If this remains a committed policy decision (as can be argued) it can only be introduced if the revenue lost to Northern Ireland is found from within the current available public sector funds: possibly over £200m each year.
If there is a Brexit deal, the UK Government has indicated that the State aid rules inherited from the EU would continue to apply. Even if there is no Brexit deal, that question would still need to be considered.
These financial questions fall into two possible groups. There are services seeking better funding, usually capital, which must be assessed on whether they might contribute more to self-funding. For the utilities that should be amendable to discussion.

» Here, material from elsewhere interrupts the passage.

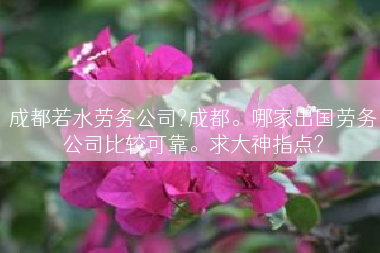 成都若水劳务公司?成都。哪家出国劳务公司比较可靠。求大神指点?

Electricity services are already organised to be self-funding. Broadband services will expect to be partly self-funding. Water and sewerage services now face capital spending needs, even to allow modest urban development to take place, and not in all locations, that must have implications both for the organisation of these services and their capital funding. Moves to greater self-funding seem inescapable even if, in a phased timing, the funding structure might be in parallel with amended charging systems for domestic rates.
In the spectrum of urgent needs for supplemented capital spending, there is a strong case for the whole range of public services. Because of the possible wider domino effects, water and sewerage services merit an initial priority boost. The prospect of development planning applications being refused because of an inability to provide water and sewerage connections in several urban centres and the pending capacity restrictions in parts of the Belfast region could be avoided if a larger, carefully planned, programme for the most pressing areas is prepared.
There are high expectations of the impact of the Belfast Region City Deal. However, that is mainly directed at incentives for private sector development and it is phased over more than 10 years.
The tensions of maintaining and enhancing the public sector capital infrastructure pose a very considerable challenge to public sector managers, whether ministers, Secretary of State, or senior civil servants. This combination needs to find a method of arranging security and certainty in delivery. Miracles would be welcome.